Donnerstag, 25. Oktober 2018

Zu viel Diesel im Kopf - Lektüre eines Journalismus (Beobachtung der Beobachter) 75

"Diesel-Wahl" ist der Titel des Kommentars von Jasper von Altenbockum heute am 25.10.2018 auf der ersten Seite der Zeitung für Deutschland (F.A.Z., Nr. 248). Es geht um die Hessische Landtagswahl.

Der erste Satz:
"In die Umfragewerte zur Hessenwahl ist nicht nur durch die schrillen Töne aus der großen Koalition in Berlin Bewegung gekommen, sondern auch und vor allem durch das Urteil zum Diesel-Fahrverbot in Frankfurt".

Jasper von Altenbockum sollte das, was er hört (schrille Töne),  ernst nehmen: unsere Regierung ist gereizt, unruhig, ängstlich, hilflos. Deren konzeptloses Merkeln hastiger Lenkbewegungen (vor allem im Dienste des Machterhalts) geht den Leuten ganz schön auf den Senkel. Der Transformationsversuch unserer Energieversorgung war planlos initiiert worden; wie die Transformation die ambitionierte Reduktion der von unseren aufwendigen Lebensformen produzierten Umweltschäden zustande bringt,  war nicht durchdacht worden - was auch bedeutet hätte, dass wir endlich beginnen, intensiv und zügig über andere, Umwelt-vernünftige Formen unserer Lebensbewegungen nachzudenken. Stattdessen Abwarten und Aufschieben. Einem Privatmann oder einer Privatfrau, der oder die so die eigenen Lebensaufgaben anzupacken vermeidet, würde man eine Arbeitsstörung attestieren.

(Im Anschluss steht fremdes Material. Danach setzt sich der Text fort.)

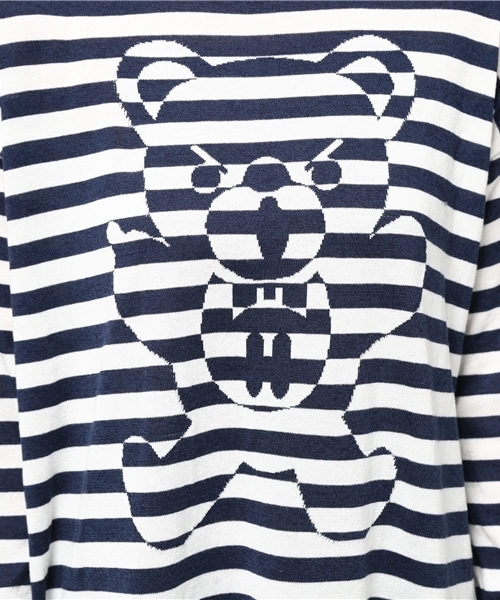 HYSTERIC GLAMOUR（ヒステリックグラマー）の「BEARボーダー編込 プルオーバー（ニット/セーター・レディース・ホワイト/ホワイト系その他/グレー系その他・FREE）」の12枚目の写真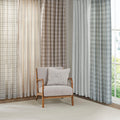 Plaid Rod Pocket And Back Tab Curtain Panel With Fleece Lining Natural Polyester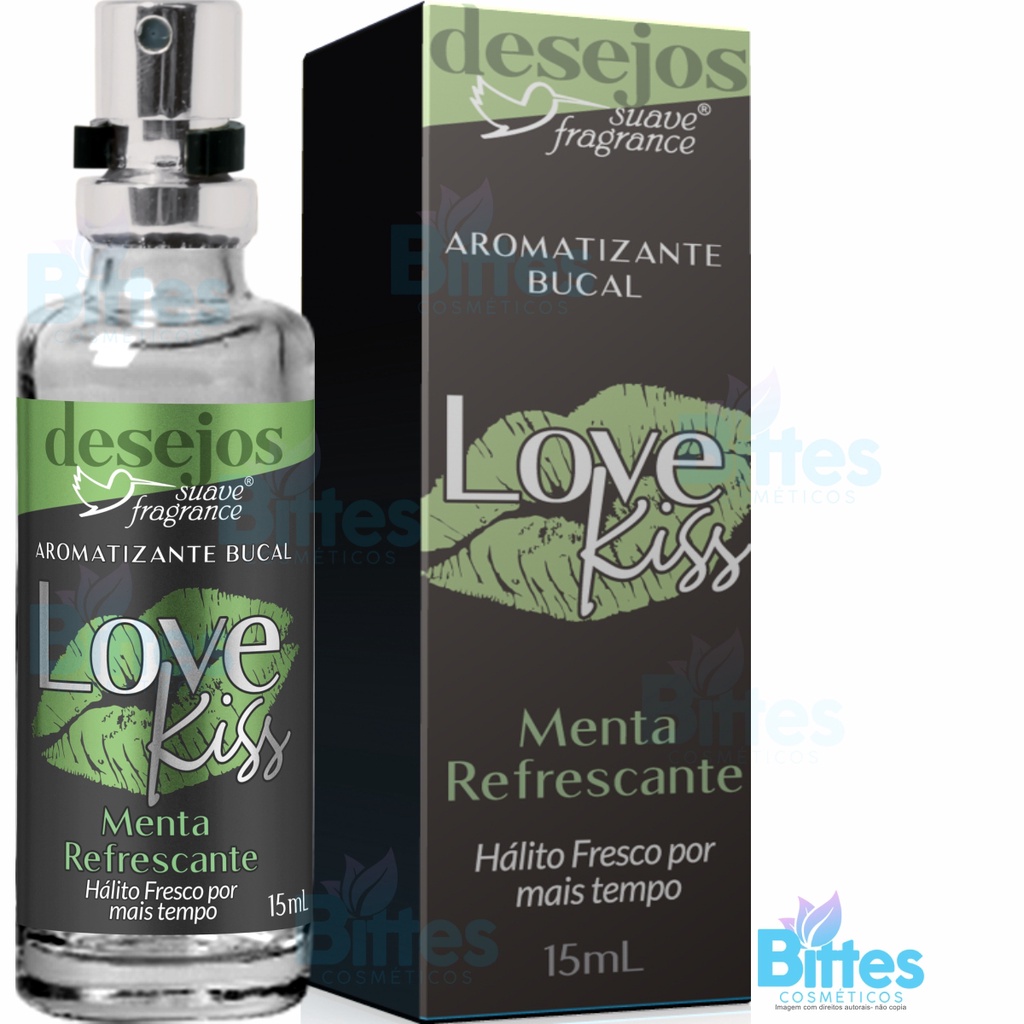 Aromatizante Bucal Love Kiss Menta Suave Fragrance Refrescante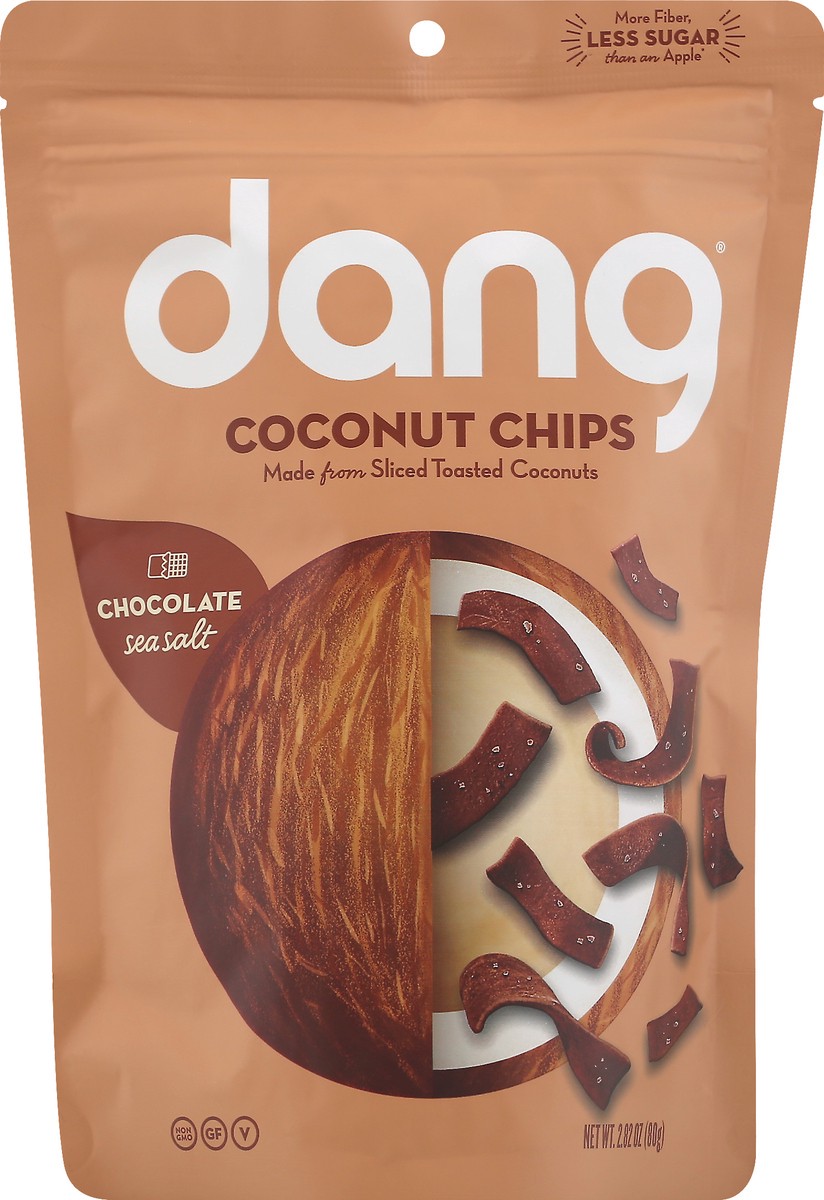 slide 7 of 8, Dang Chocolate Sea Salt Coconut Chips, 2.82 oz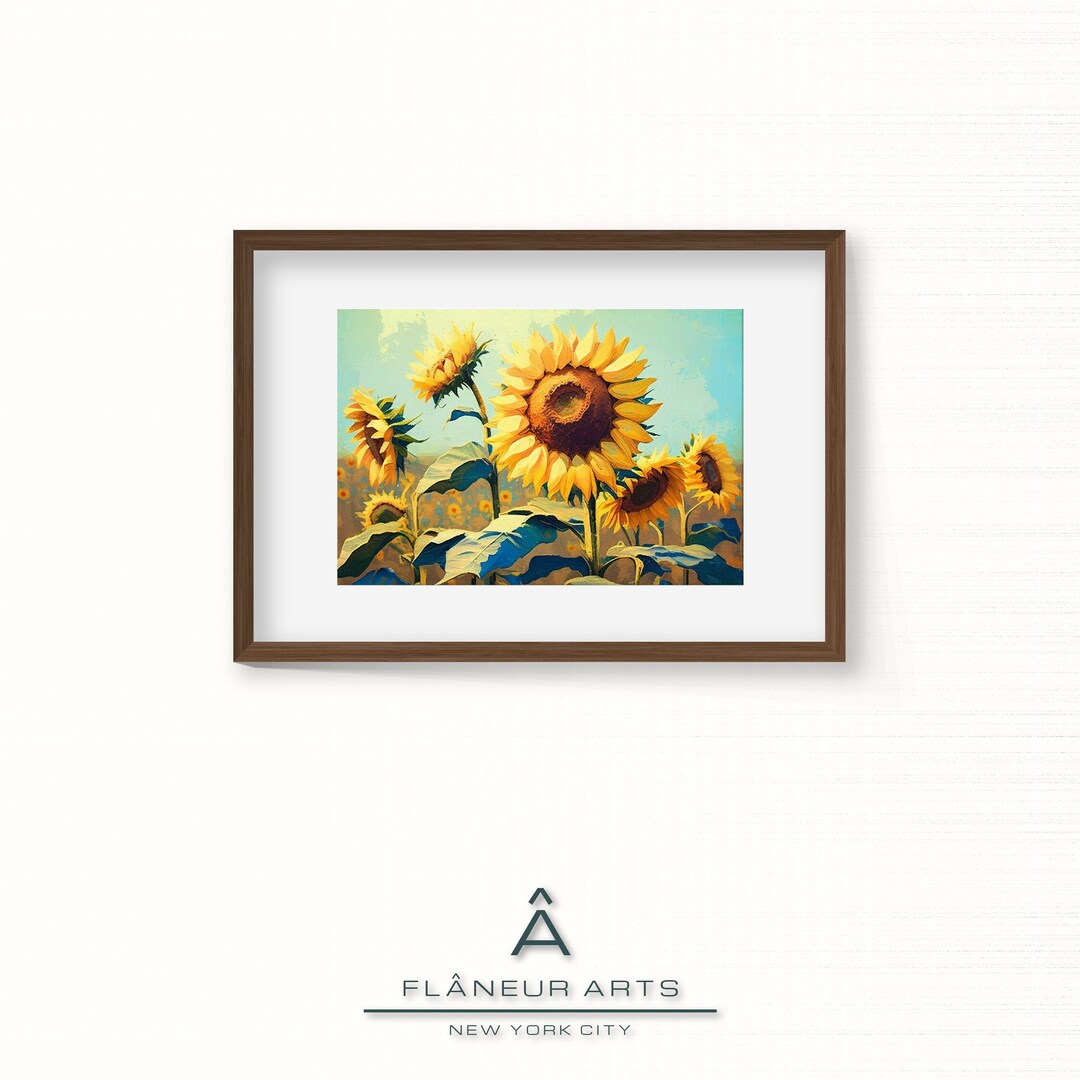 Sunflowers Vintage Oil Painting, Wall Art Print, Printable Digital Art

Das ist natürlich für den gesellschaftlichen, politischen Kontext zu einfach gedacht. Aber seit beinahe 50 Jahren - in meiner Erinnerung - haben sich die für die Erörterung und Durchsetzung der relevanten politischen Entscheidungen verantwortlichen Akteure darauf verständigt, unsere Lebenswirklichkeit zu leugnen. In den 70er Jahren wurde das Ende unserer fossilen Energievorräte und das Ende des Konzepts des Wachstums heftig diskutiert  - die Diskussion wurde abgekürzt mit der Fantasie auf die Aussicht einer buchstäblich ewig strahlenden Energiequelle. Wieso soll man sich zurücknehmen, wenn die Welt so einfach erscheint?  Seit den 70er Jahren lassen unsere Regierungen (und unsere zaghafte, Komplizen-bereite, den Hausfrieden sichernde öffentliche Diskussion) die Automobilindustrie machen, was sie will. Was will sie?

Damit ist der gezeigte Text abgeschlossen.